→ **EXERCISE OBJECTIVE**:
Lines in the listing below containing the string "Hotel" are to be identified and copied.

→ **EXERCISE DATA**:
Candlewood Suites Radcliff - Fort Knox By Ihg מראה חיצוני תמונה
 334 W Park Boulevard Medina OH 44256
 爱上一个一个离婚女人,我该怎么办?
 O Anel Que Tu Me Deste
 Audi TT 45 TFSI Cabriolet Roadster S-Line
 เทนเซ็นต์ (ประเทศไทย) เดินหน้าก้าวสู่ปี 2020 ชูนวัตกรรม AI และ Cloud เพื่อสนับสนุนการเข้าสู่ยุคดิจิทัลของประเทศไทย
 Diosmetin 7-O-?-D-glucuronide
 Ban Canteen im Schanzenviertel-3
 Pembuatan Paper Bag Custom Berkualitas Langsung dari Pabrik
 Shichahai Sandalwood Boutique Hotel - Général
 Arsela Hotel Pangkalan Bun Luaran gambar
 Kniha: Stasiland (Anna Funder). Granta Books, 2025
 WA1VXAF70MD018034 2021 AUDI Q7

→ **REPLY TO THE EXERCISE**:
 Shichahai Sandalwood Boutique Hotel - Général
 Arsela Hotel Pangkalan Bun Luaran gambar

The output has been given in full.